Mediators Inflamm. 2017;2017:3908061. doi: 10.1155/2017/3908061. Epub 2017 Feb 20.
Interleukin-17 (IL-17) induces the production of granulocyte colony-stimulating factor (G-CSF) and chemokines such as CXCL1 and CXCL2 and is a cytokine that acts as an inflammation mediator. During infection, IL-17 is needed to eliminate extracellular bacteria and fungi, by inducing antimicrobial peptides such as defensin. This cytokine also plays an important role in chronic inflammation that occurs during the pathogenesis of autoimmune diseases and allergies such as human rheumatoid arthritis (RA) for which a mouse model of collagen-induced arthritis (CIA) is available. In autoimmune diseases such as RA and multiple sclerosis (MS), IL-17 is produced by helper T (Th) cells that are stimulated by IL-1 and IL-6 derived from phagocytes such as macrophages and from tissue cells. IL-17 contributes to various lesions that are produced by Th17 cells, one subset of helper T cells, and by T cells and innate lymphoid cells. It strongly contributes to autoimmune diseases that are accompanied by chronic inflammation. Thus, a functional understanding of Th17 cells is extremely important. In this review, we highlight the roles of cytokines that promote the development and maintenance of pathogenic Th17 cells in autoimmune diseases.

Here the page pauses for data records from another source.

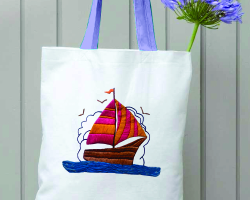 Hand Embroidery Cotton Tote Bag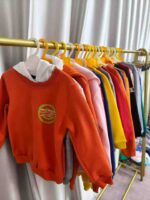 Bulk Kids' Cotton Fleece Hoodies & Crewnecks - 6200pcs Stock Lot (Sizes 80-160cm, Solid Colors, Packed) - Image 4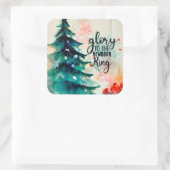 キング・生まれたばかりのクリスマス・キャロルの栄光 スクエアシール (バッグ)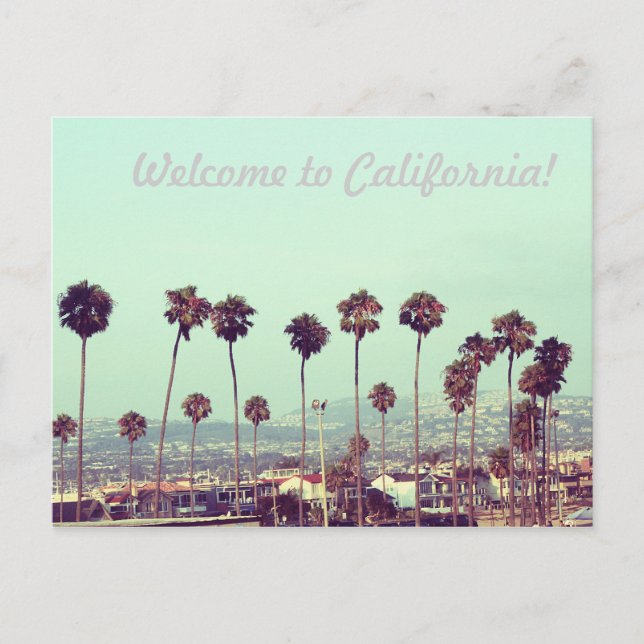 Carte Postale Bienvenue en Californie ! (Devant)
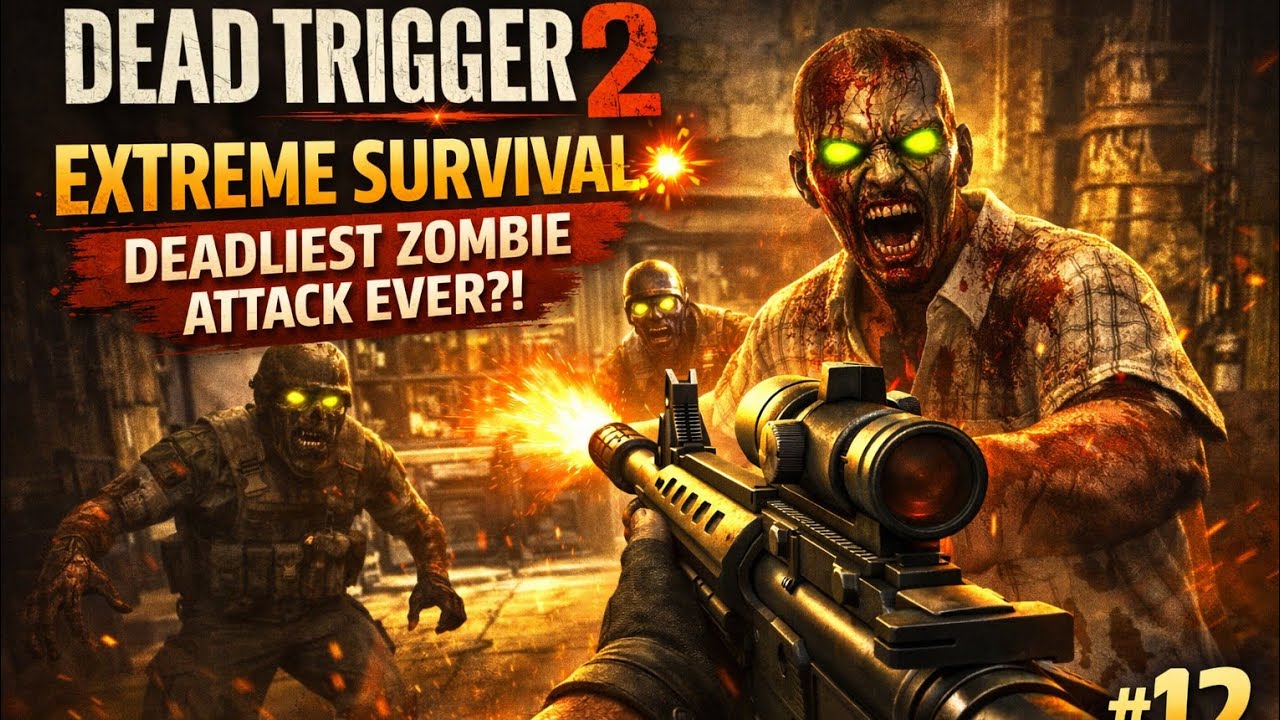 Dead Trigger 2 Extreme Survival 💥 | Deadliest Zombie Attack Ever?! 😱 Gameplay #12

白细胞介素-17(IL-17)可诱导粒细胞集落刺激因子(G-CSF)以及趋化因子如CXCL1和CXCL2的产生,是一种作为炎症介质的细胞因子。在感染期间,需要IL-17通过诱导防御素等抗菌肽来清除细胞外细菌和真菌。这种细胞因子在自身免疫性疾病和过敏(如人类类风湿性关节炎(RA))发病机制中发生的慢性炎症中也起重要作用,针对RA有胶原诱导性关节炎(CIA)的小鼠模型。在诸如RA和多发性硬化症(MS)等自身免疫性疾病中,IL-17由辅助性T(Th)细胞产生,这些Th细胞受到来自吞噬细胞(如巨噬细胞)和组织细胞的IL-1和IL-6的刺激。IL-17促成了由辅助性T细胞的一个亚群Th17细胞以及T细胞和天然淋巴细胞产生的各种损伤。它对伴有慢性炎症的自身免疫性疾病有很大影响。因此,对Th17细胞的功能理解极其重要。在本综述中,我们重点介绍了在自身免疫性疾病中促进致病性Th17细胞发育和维持的细胞因子的作用。